Pada masa itu, masalah sering kali dapat ditelusuri kembali ke satu individu yang memiliki pengaruh negatif. Baik itu pembuat onar, bawahan arogan, atau pelemah inisiatif, mereka dianggap sebagai ancaman terhadap kohesi masyarakat. Orang Athena menyadari bahwa membiarkan individu seperti itu berada dalam masyarakat dapat menyebabkan perpecahan dan kekacauan di dalam kota. Oleh karena itu, mereka mengambil langkah tegas untuk mengisolasi atau mengusir individu tersebut sebelum masalahnya meruncing.

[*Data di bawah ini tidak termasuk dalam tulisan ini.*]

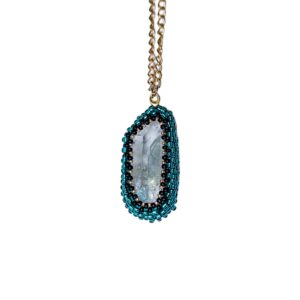 Náhrdelník s křišťálem č.27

Jadi kisahnya, pada abad keenam SM, Athena mengalami transformasi politik setelah penggulingan tiran kecil yang mendominasi politik. Namun, seiring berjalannya waktu, muncul dilema baru: bagaimana mengatasi individu yang tidak peduli dengan kesatuan kota, hanya memikirkan diri sendiri, dan cenderung menciptakan ketegangan? Dalam menghadapi tantangan ini, warga Athena menciptakan tradisi unik dengan menggunakan “ostraka” atau potongan gerabah untuk mengekspresikan ketidaksetujuan terhadap individu yang dianggap merugikan.

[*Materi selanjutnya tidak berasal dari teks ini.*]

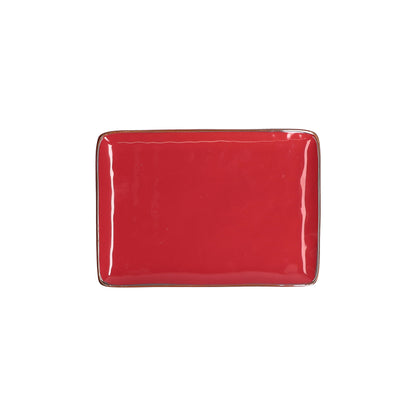 Vassoio rettangolare in porcellana di colore rosso corallo. Colori e forme moderne si mescolano con armonia ed elementi della tradizione. Dimensioni: cm 27 x 19. In negozio e online su tuttochic.live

Proses pengucilan ini dilakukan setiap tahun di pasar, di mana warga menuliskan nama individu yang ingin mereka usir selama sepuluh tahun. Jika suara mencapai enam ribu, individu tersebut akan langsung diasingkan. Jika tidak, individu dengan jumlah suara terbanyak akan mengalami “pengucilan” sepuluh tahun. Pengusiran ini dianggap sebagai solusi yang lebih memuaskan dan tidak terlalu brutal untuk menangani keegoisan yang terlalu parah.

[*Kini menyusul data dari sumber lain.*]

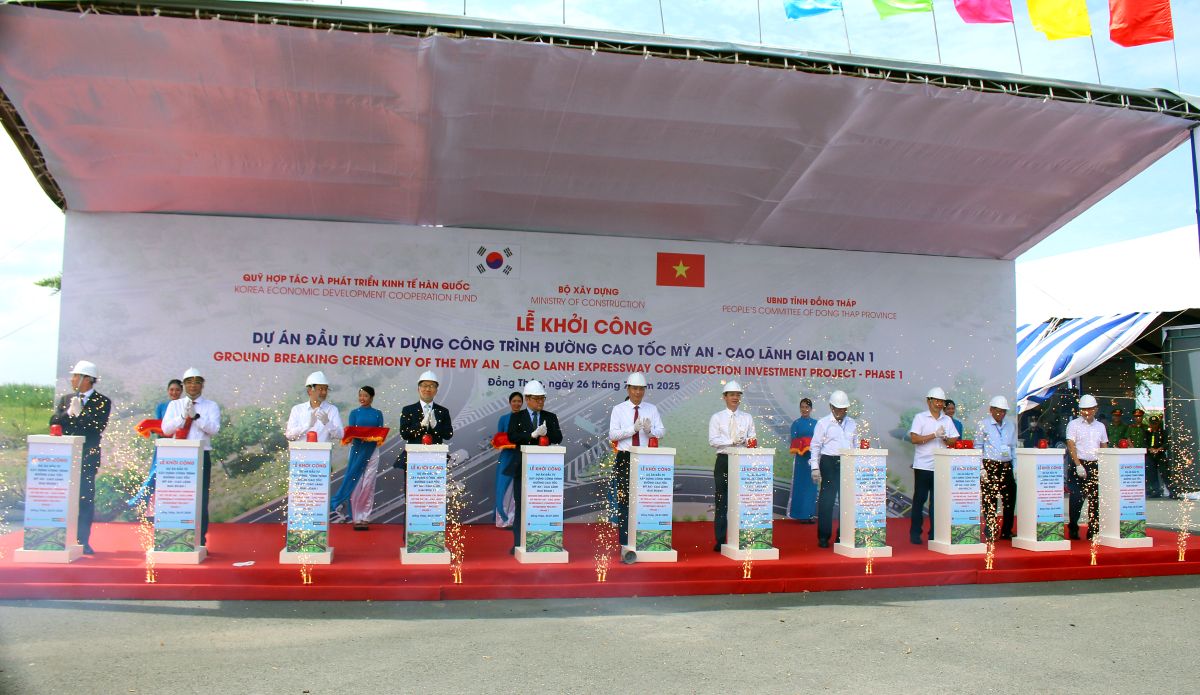 Dai dien lanh dao bo, tinh thuc hien nghi thuc khoi cong cao toc My An - Cao Lanh. Anh: Lam Dien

Sejarah Athena juga mencatat kasus-kasus pengucilan terkenal, seperti pengucilan terhadap Aristides pada tahun 482 SM. Meskipun Aristides adalah jenderal besar yang membantu mengalahkan Persia, sikapnya dianggap sombong dan menjengkelkan oleh warga Athena. Begitu pula dengan Themistocles, yang meskipun pernah meraih kemenangan besar, kesombongannya membuatnya dicap sebagai ancaman bagi keseimbangan kota.
Namun, praktik pengucilan ini tidak berlangsung selamanya. Pada tahun 472 SM, nama Themistocles tercantum dalam “ostraka,” dan masyarakat kota membebaskan diri dari kehadirannya yang dianggap merusak. Ini menandai akhir dari praktik pengucilan yang telah menjadi salah satu kunci menjaga perdamaian di Athena selama hampir seratus tahun.
Pelajaran yang bisa diambil dari sejarah ini adalah pentingnya mengidentifikasi sumber konflik dalam masyarakat, atau kelompok yang lebih kecil, dan mengambil tindakan cepat sebelum masalahnya membesar. Tidak menunggu hingga konflik meluas, tetapi segera memisahkan individu yang potensial merusak keseimbangan. Meskipun pendekatan ini mungkin terlihat ekstrim, namun bagi masyarakat Athena, itu menjadi langkah yang efektif untuk menjaga perdamaian dan harmoni di tengah-tengah perubahan politik dan sosial.